COMBINING METHODS FOR SUBSURFACE PREDICTION

The depth to subsurfaces in a multi-layer model is obtained by adding the thickness of layers. However, the choice of layering is not unique so there will often be alternative ways of obtaining the depth to a particular subsurface. Each layer thickness can be described by a stochastic model accounting for uncertainties in the thickness. Stochastic models for the depth to subsurfaces are obtained from these. Alternative layer models will give alternative stochastic models and thus alternative depth predictions for the same subsurface. Two approaches to resolve this ambiguity is proposed. The first uses an established method of unbiased linear combination of predictors. The second and new approach combines the alterna- tive stochastic models into a single stochastic model giving a single predictor for subsurface depth. This predictor performs similarly to the approach combining several predictors while drastically reducing computational costs. The proposed method applies to layered geological structures using a combination of universal or Bayesian kriging and cokriging.

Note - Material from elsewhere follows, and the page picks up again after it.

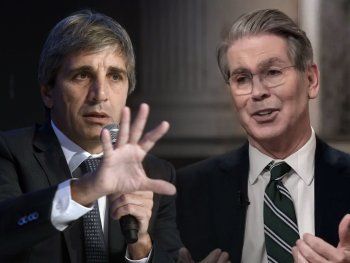 Luis Caputo viaja a Washington con Santiago Bausili para reunirse con Scott Bessent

Efficient Neighborhoods for Kriging with Numerous Data

Kriging is a data interpolation method that can be used to populate regular grids from data scattered in space, and requires the solution of a linear equation system the size of the number of data. When the data is numerous the speed of the calculation is slow. In this paper we propose to divide the regular grid into rectangular sub-segments and let all the grid cells in each sub-segment share a common data neighborhood. The advantage of this approach is that the number of data in the neighborhoods can be small compared to the complete dataset and it is possible to reuse some of the computations for all grid cells in each sub-segment. We show that the precision can be controlled through selection of neighbourhood size, and that the speed of the calculations can be optimized through selection of sub-segment size. We show that this is an efficient method for kriging when number of data is huge, giving a significant speed-up even for high data densities and precisions.